🤖 AI Summary
Large language models (LLMs) often exhibit hallucination and low contextual faithfulness in long-form question answering. To address this, we propose GenDiE, a sentence-level self-evolution framework. GenDiE introduces a novel fine-grained, sentence-level optimization paradigm that decomposes model responses into independent units and establishes a closed-loop “generate–discriminate–evolve” pipeline. It jointly trains generation and discrimination modules via instruction tuning and contrastive learning, enabling the model to autonomously construct aligned training data. Furthermore, it integrates confidence-guided beam search and fine-grained faithfulness scoring. Evaluated on ASQA and ConFiQA benchmarks, GenDiE significantly improves response faithfulness and answer correctness while demonstrating strong cross-domain generalization. This work establishes a new paradigm for trustworthy retrieval-augmented generation systems.
📝 Abstract
Improving context faithfulness in large language models is essential for developing trustworthy retrieval augmented generation systems and mitigating hallucinations, especially in long-form question answering (LFQA) tasks or scenarios involving knowledge conflicts.

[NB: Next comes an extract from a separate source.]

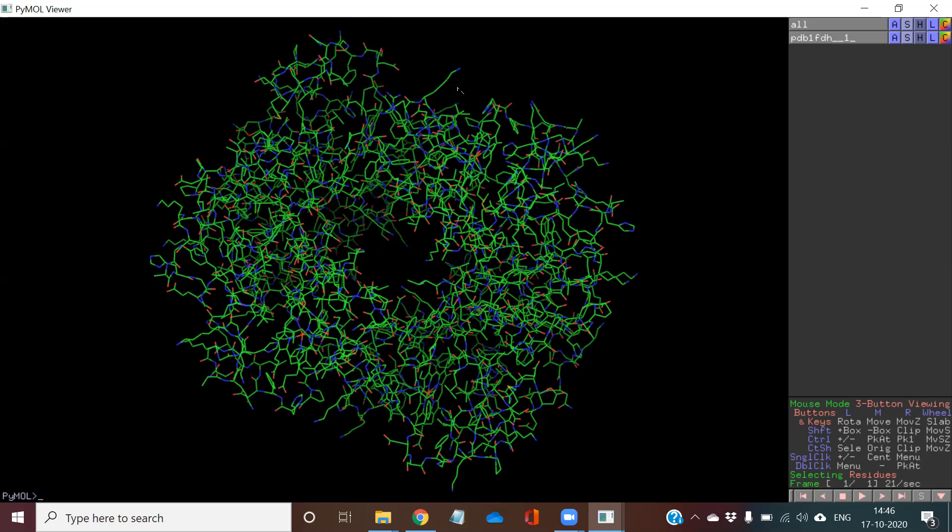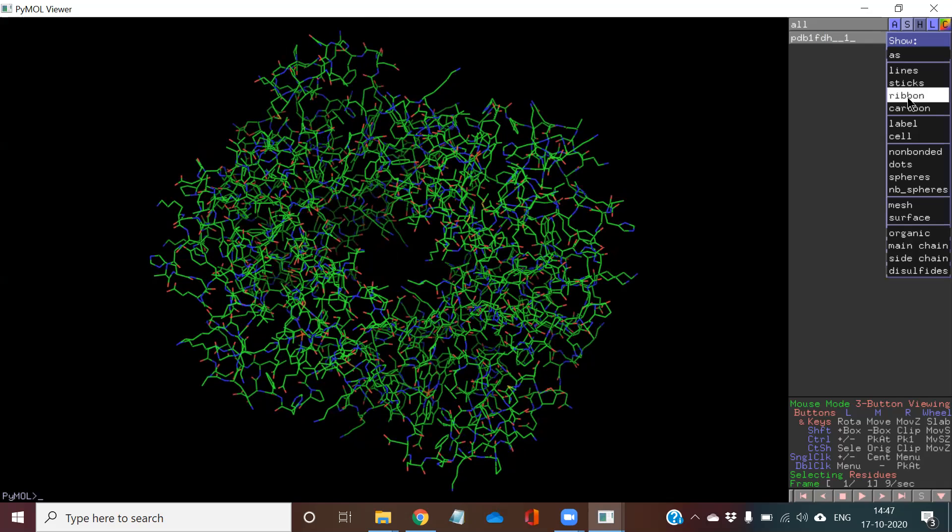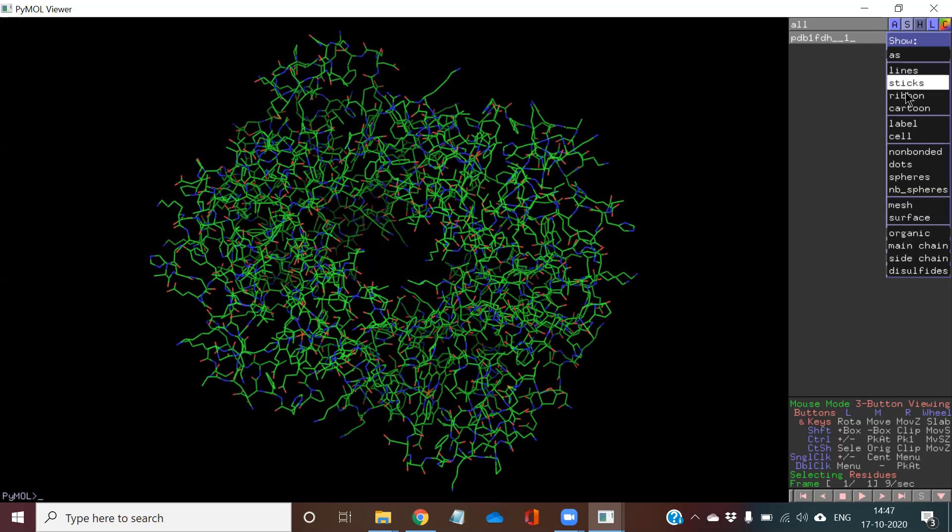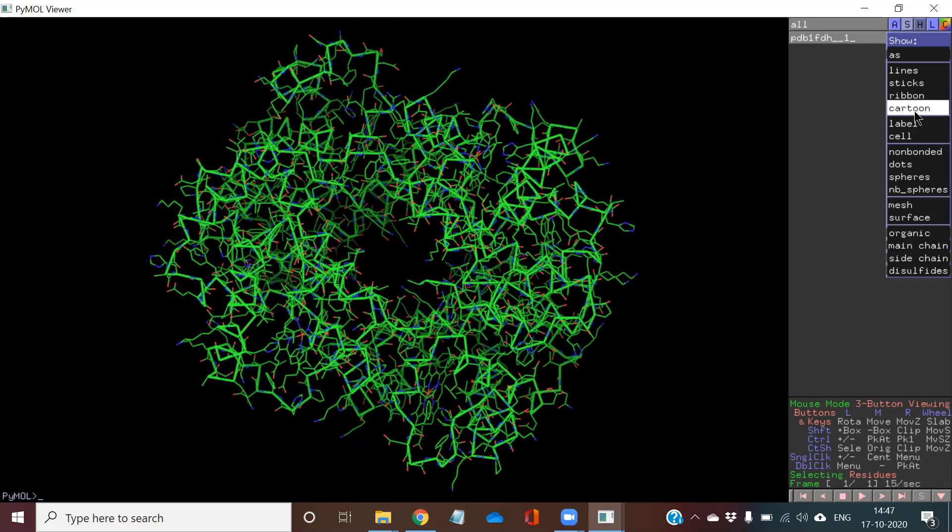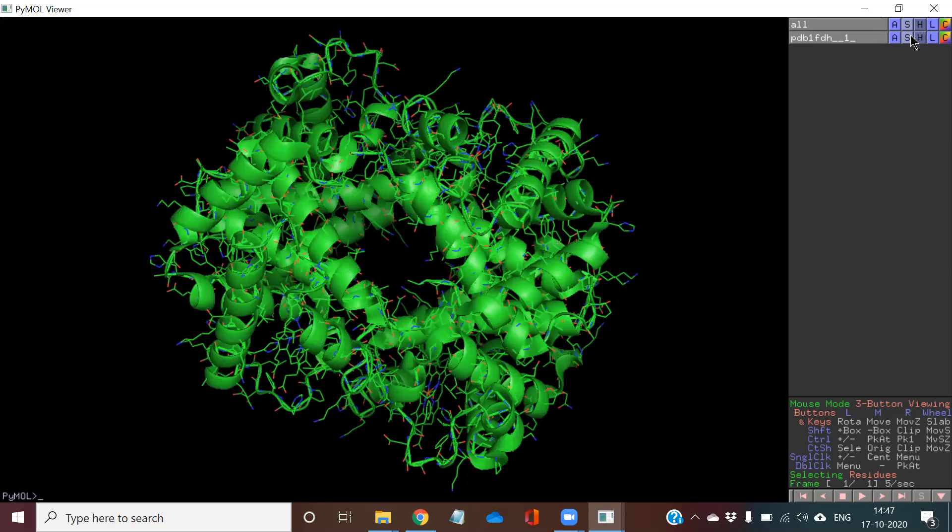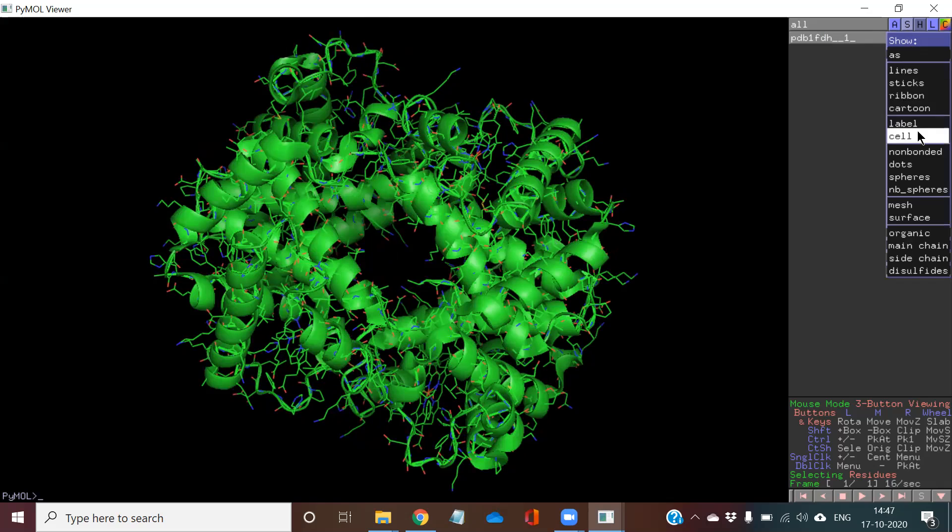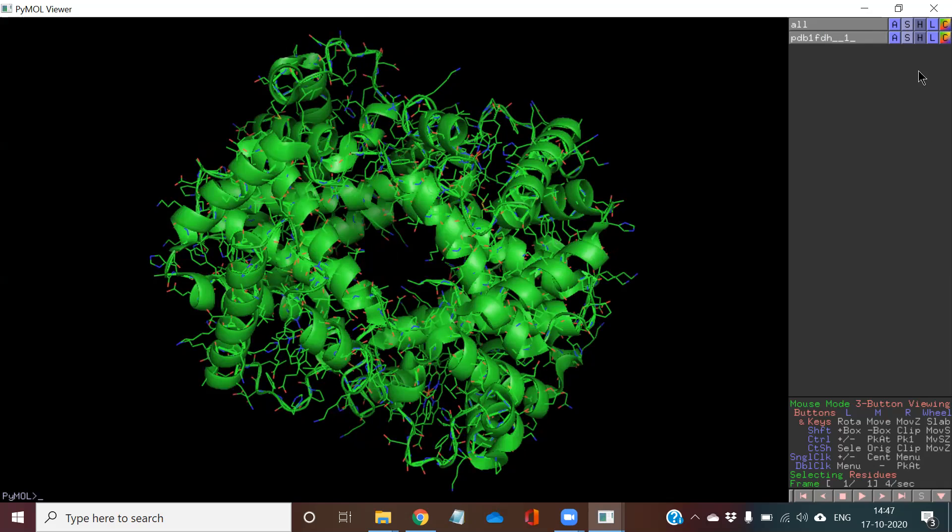If I want to change it to some other format, I will go to select and just any ribbon form. So it will become ribbon. If I want a cartoon form, it will become cartoon form. If I want it in the label form, it will become in the label form.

Existing methods either intervene LLMs only at inference without addressing their inherent limitations or overlook the potential for self-improvement. In this paper, we introduce GenDiE (Generate, Discriminate, Evolve), a novel self-evolving framework that enhances context faithfulness through fine-grained sentence-level optimization. GenDiE combines both generative and discriminative training, equipping LLMs with self-generation and self-scoring capabilities to facilitate iterative self-evolution. This supports both data construction for model alignment and score-guided search during inference. Furthermore, by treating each sentence in a response as an independent optimization unit, GenDiE effectively addresses the limitations of previous approaches that optimize at the holistic answer level, which may miss unfaithful details. Experiments on ASQA (in-domain LFQA) and ConFiQA (out-of-domain counterfactual QA) datasets demonstrate that GenDiE surpasses various baselines in both faithfulness and correctness, and exhibits robust performance for domain adaptation.